*EXCERPTED RECORDS*
=== Section Start ===

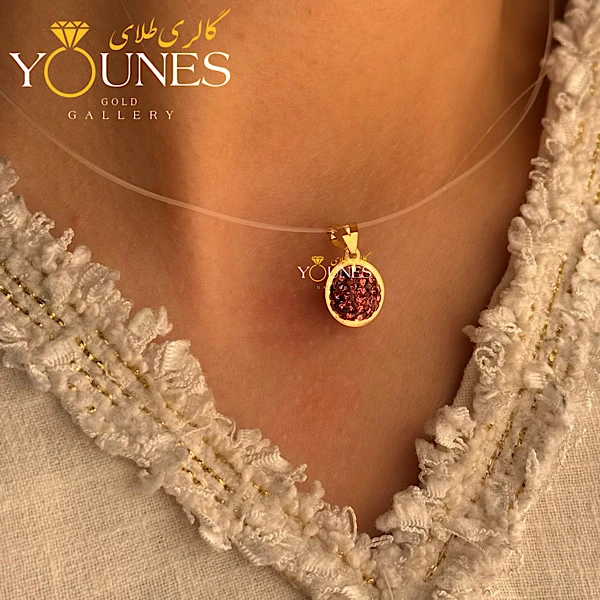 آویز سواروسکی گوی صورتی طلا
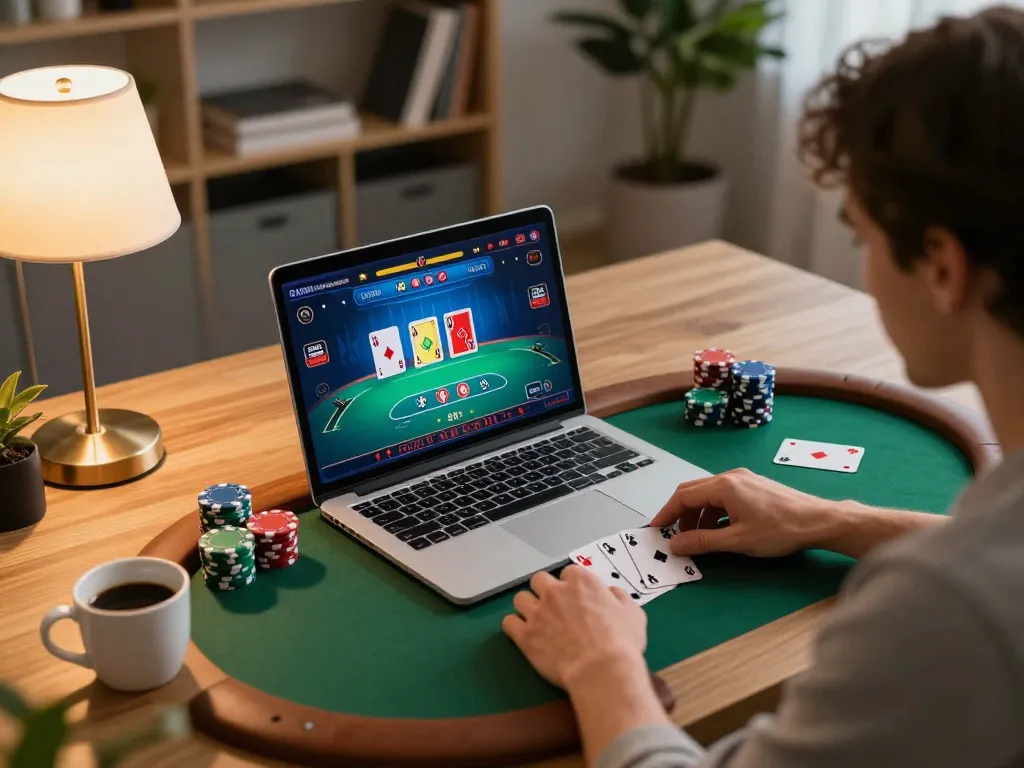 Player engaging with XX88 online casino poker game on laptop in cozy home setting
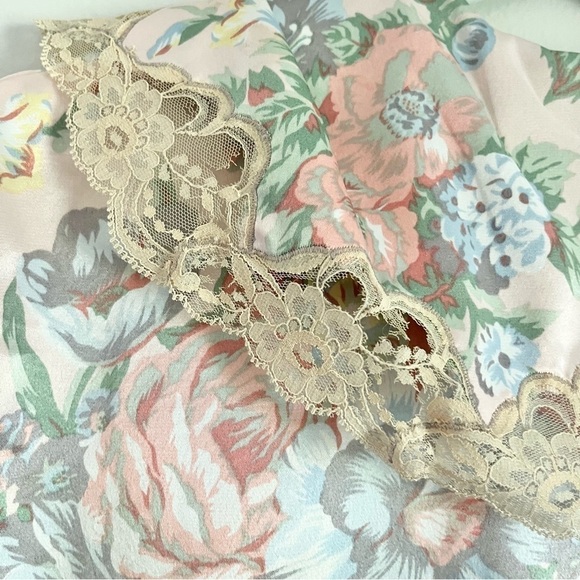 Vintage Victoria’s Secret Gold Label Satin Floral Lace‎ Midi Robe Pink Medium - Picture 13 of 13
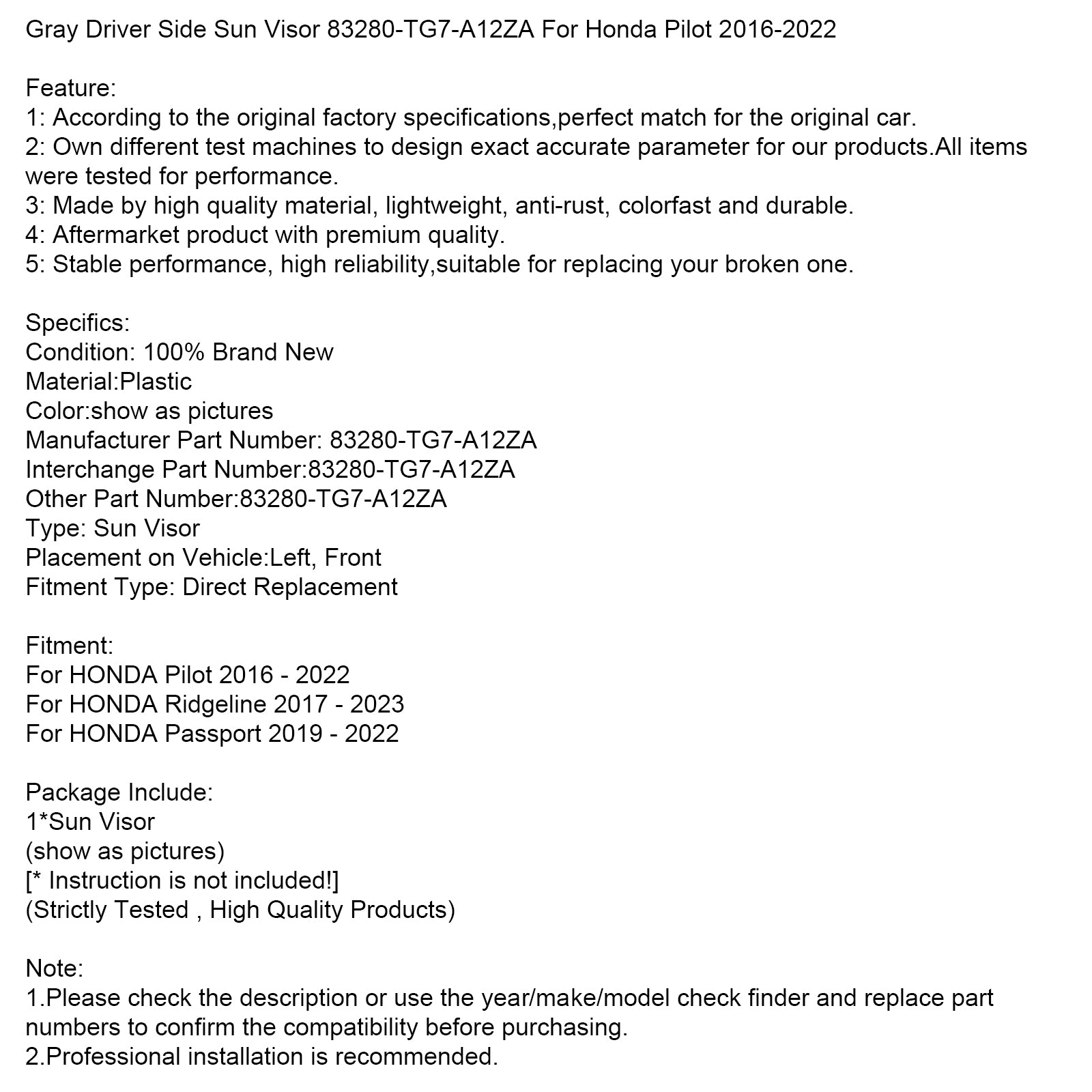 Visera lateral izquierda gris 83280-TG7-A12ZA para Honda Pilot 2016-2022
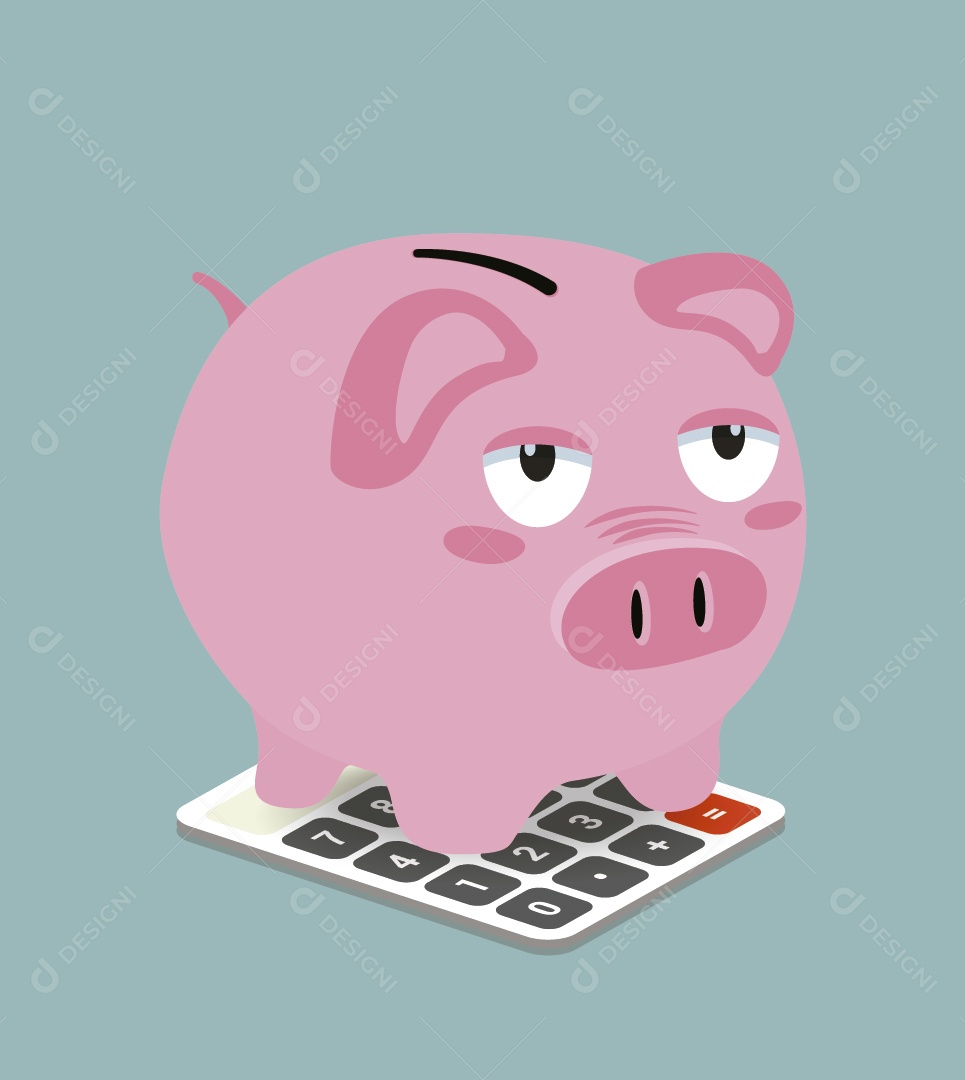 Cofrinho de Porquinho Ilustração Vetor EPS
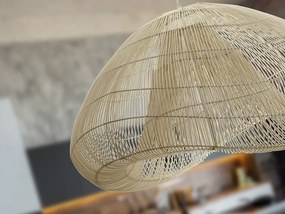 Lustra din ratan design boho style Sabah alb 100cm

=== Section End ===
=== Section Start ===

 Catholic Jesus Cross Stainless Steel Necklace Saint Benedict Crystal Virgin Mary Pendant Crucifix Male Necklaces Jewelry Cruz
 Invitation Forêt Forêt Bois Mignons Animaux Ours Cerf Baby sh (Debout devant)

=== Section End ===

*TASK PROMPT*
As the answer, set down only the lines from the data above between the one holding "Catholic Jesus Cross" and the one holding "Invitation Forêt Forêt", inclusive, exactly as they read.

*EXERCISE OUTPUT*
 Catholic Jesus Cross Stainless Steel Necklace Saint Benedict Crystal Virgin Mary Pendant Crucifix Male Necklaces Jewelry Cruz
 Invitation Forêt Forêt Bois Mignons Animaux Ours Cerf Baby sh (Debout devant)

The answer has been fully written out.